**Data provided:**
# # #
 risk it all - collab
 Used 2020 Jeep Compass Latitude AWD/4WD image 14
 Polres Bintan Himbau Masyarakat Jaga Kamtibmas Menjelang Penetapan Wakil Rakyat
# # #
**Work order:**
Would you write out the listing above exactly, in full?

**Result of the task:**
 risk it all - collab
 Used 2020 Jeep Compass Latitude AWD/4WD image 14
 Polres Bintan Himbau Masyarakat Jaga Kamtibmas Menjelang Penetapan Wakil Rakyat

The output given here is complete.